Lideranças e especialistas latino-americanos têm avaliado a perspectiva estratégica de a região aproveitar suas vastas reservas de minerais críticos e terras raras para desenvolver uma indústria própria focada na transição energética. Esta proposta visa não apenas a geração de empregos verdes e de qualidade, mas também o fortalecimento econômico e a redução da dependência tecnológica, em um cenário global onde o controle desses minerais é central para a disputa comercial e geopolítica entre grandes potências como China e Estados Unidos.

Oportunidade Estratégica Regional

A América Latina detém uma parcela significativa dos minerais essenciais para as indústrias da transição energética e tecnológica. Estimativas da Agência Internacional de Energia (AIE) apontam que 45% do lítio global e 30% do cobre estão na região, com concentrações em países como Argentina, Bolívia, Brasil, Chile e Peru. Essa abundância permite que a região transcenda o papel de simples exportadora de matérias-primas, buscando agregar valor por meio do processamento e da manufatura, como a produção de baterias de lítio para veículos elétricos ou componentes de cobre para painéis solares e eólicos.

Perspectivas de Líderes e Especialistas

Andrés Camacho, ex-ministro de Minas e Energia da Colômbia, enfatiza a necessidade de avançar para a produção e aprimoramento dos minerais, exemplificando com o lítio. Segundo ele, a região deve ir além da exportação do mineral bruto, buscando fabricar produtos de maior valor agregado, como baterias, para reduzir a dependência tecnológica e gerar empregos especializados.

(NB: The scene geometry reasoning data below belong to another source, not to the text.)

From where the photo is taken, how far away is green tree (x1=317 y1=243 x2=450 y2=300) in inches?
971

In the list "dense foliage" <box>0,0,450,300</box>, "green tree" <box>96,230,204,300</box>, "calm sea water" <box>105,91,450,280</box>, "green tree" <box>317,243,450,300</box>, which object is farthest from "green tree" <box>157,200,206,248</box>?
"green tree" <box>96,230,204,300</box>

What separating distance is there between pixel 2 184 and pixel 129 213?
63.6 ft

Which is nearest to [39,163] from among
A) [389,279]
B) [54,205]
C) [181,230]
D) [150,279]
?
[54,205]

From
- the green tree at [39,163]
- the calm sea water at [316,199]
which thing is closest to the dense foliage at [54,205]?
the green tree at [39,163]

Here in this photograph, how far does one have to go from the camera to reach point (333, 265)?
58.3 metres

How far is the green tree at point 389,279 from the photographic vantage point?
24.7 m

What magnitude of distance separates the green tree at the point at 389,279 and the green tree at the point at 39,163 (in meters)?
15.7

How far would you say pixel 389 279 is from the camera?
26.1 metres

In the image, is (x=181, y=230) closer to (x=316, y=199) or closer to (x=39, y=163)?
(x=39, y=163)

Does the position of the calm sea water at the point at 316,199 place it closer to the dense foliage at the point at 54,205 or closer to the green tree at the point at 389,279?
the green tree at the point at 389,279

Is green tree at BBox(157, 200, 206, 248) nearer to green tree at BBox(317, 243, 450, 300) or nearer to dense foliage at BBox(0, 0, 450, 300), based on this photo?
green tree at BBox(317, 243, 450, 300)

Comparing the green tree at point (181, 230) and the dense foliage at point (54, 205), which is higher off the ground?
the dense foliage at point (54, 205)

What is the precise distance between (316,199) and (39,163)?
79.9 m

A deputada argentina Cecilia Nicolini, do Parlamento do Mercosul (Parlasul), reforça que os países latino-americanos devem usar esses recursos para desenvolver tecnologias locais e garantir participação estratégica na cadeia de valor global. Essa abordagem permitiria à região conquistar um nível mínimo de poder de negociação no cenário internacional, em vez de apenas fornecer insumos brutos para outras nações processarem.

Cenário Geopolítico e Segurança Energética

O Seminário Internacional Energia, Integração e Soberania, realizado no Rio de Janeiro, foi palco para discussões sobre como a atual lógica do comércio global, abalada por conflitos e disputas geopolíticas, abre caminho para a América Latina investir em indústrias regionais conectadas à transição energética. Ticiana Alvares, diretora técnica do Instituto de Estudos Estratégicos de Petróleo, Gás Natural e Biocombustíveis (Ineep), defende que a internalização de bens e insumos essenciais pode ser mais viável regionalmente do que nacionalmente. Ela cita o exemplo dos fertilizantes nitrogenados, onde o gás natural, abundante na Argentina e na Bolívia, poderia suprir a grande dependência brasileira.

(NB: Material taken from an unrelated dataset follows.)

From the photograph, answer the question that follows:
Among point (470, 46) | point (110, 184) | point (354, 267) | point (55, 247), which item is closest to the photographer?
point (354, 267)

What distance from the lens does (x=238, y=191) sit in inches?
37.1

A AIE reitera o papel crucial da América Latina no mercado global de minerais críticos, destacando a importância estratégica de suas vastas reservas e setor de mineração consolidado. A dependência de países como os Estados Unidos de importações desses materiais tem gerado tensões geopolíticas, com Washington buscando assegurar suprimentos e evitar que adversários tenham acesso a esses materiais, enquanto a China consolida sua dominância na mineração e processamento global.